Eu já tinha provas da traição. Toda a raiva guardada em meu peito começava a ser substituída por indiferença. Como ter consideração por pessoas tão baixas? Pessoas que se ofendiam, que cuspiram uma na outra, que disputavam um jogo sádico de canalhices. Quem eram aquelas duas aberrações que eu acabara de presenciar? Como eu pude amar tanto pessoas que eu sequer conhecia verdadeiramente?

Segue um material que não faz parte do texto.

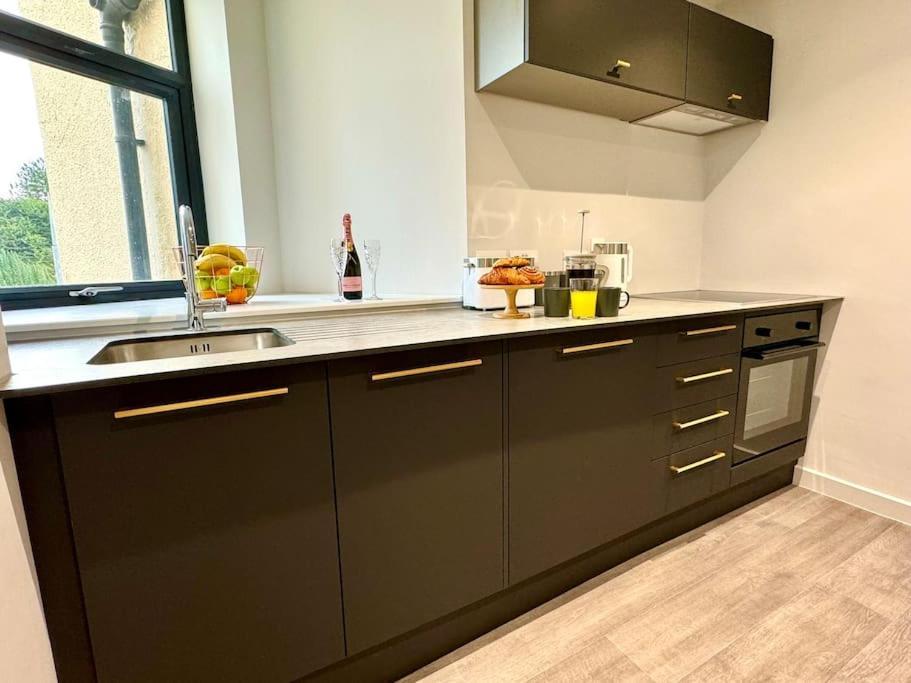 Bournemouth Getaway: 3Br Apartment Near Beach Ngoại thất bức ảnh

Uma constatação me entristecia: Quando foi que a Bete passou a me odiar tanto? Quando ela começou a desejar o que era meu? O que eu fiz de tão mal para deixá-la assim? A obsessão por viver a minha vida era tão forte a ponto de me copiar em tudo? Até a música que tocava no aparelho de som da sala, “Un-Break My Heart”, canção de Toni Braxton, era a minha preferida. Ela odiava aquela música.
“Un-break my heart
Say you'll love me again
Undo this hurt you caused
When you walked out the door
And walked out of my life
Un-cry these tears
I cried so many nights
Un-break my heart
My heart”
Pela primeira vez, a minha música preferida fazia total sentido para mim. A música, que tantas vezes me emocionou, era exatamente o que eu precisava: curar o meu coração. Mas antes de curar, ele ansiava por vingança. Dizer que me amará de novo? Não, eles não me merecem. Desfazer a dor que me causaram? Impossível. Eles precisam pagar. Limpar as lágrimas? Sim, eles não são dignos da minha dor. E jamais — repeti para mim mesma em pensamento — jamais chorar por muitas noites. Eles não me verão sofrer, pois eu me proíbo de ser fraca.

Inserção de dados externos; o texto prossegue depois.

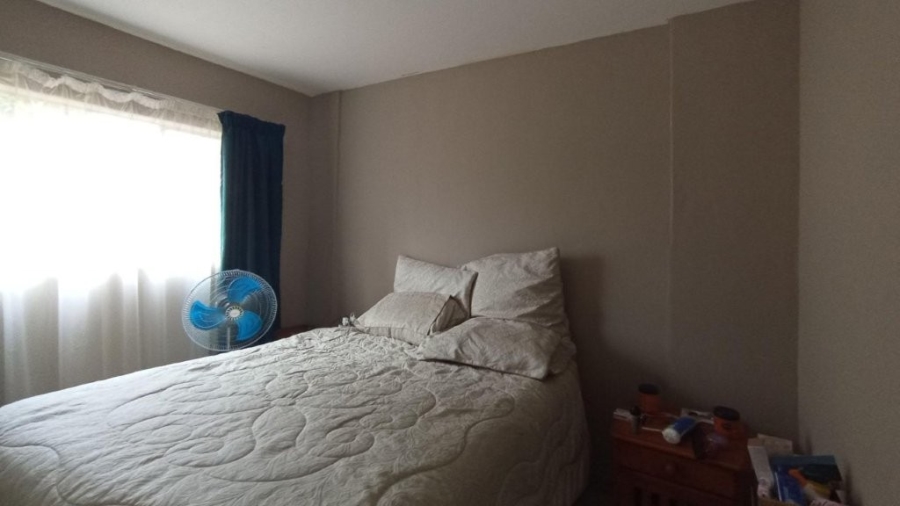 2 Bedroom Property for Sale in Annlin-wes Gauteng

Desolada, saí pelos fundos, sem muita dificuldade. Eles estavam tão entretidos naquele mundo nojento que criaram, que nem se deram conta de que poderiam ser pegos. Enquanto caminhava para casa, cabisbaixa e tentando entender onde foi que eu errei, eu só conseguia pensar nos meus filhos. Nos dois já criados e também no que começava a se desenvolver no meu útero.
Eu conheço meu corpo muito bem e como já era minha terceira gestação, eu não precisava de testes para ter a certeza. Eu deveria estar com oito ou nove semanas. Os sintomas eram os mesmos das duas anteriores. De qualquer forma, eu precisava começar o pré-natal. Eu iria sozinha, sem que o Vágner soubesse.
O Natal e o Ano Novo já batiam à nossa porta e eles seriam providenciais para os meus planos de vingança. Até aquela gravidez inesperada, mas não menos querida, me ajudariam a dar uma lição no Vágner. Eu iria atingi-lo com força, com uma humilhação proporcional a que ele me fez sofrer.
Já na próxima semana, nossos parentes, dos dois lados, começariam a chegar para as festividades e eu precisava me preparar para a retribuição. Vágner e Bete estavam prestes a sentir na pele o mesmo que fizeram comigo.
Continua ...
Esclarecimento: quero deixar bem claro que o Vágner é inspirado numa figura folclórica, bem conhecida da minha região. Não sou militante ou ativista e tenho plena confiança na integridade dos polícias que diariamente arriscam suas vidas para proteger o próximo.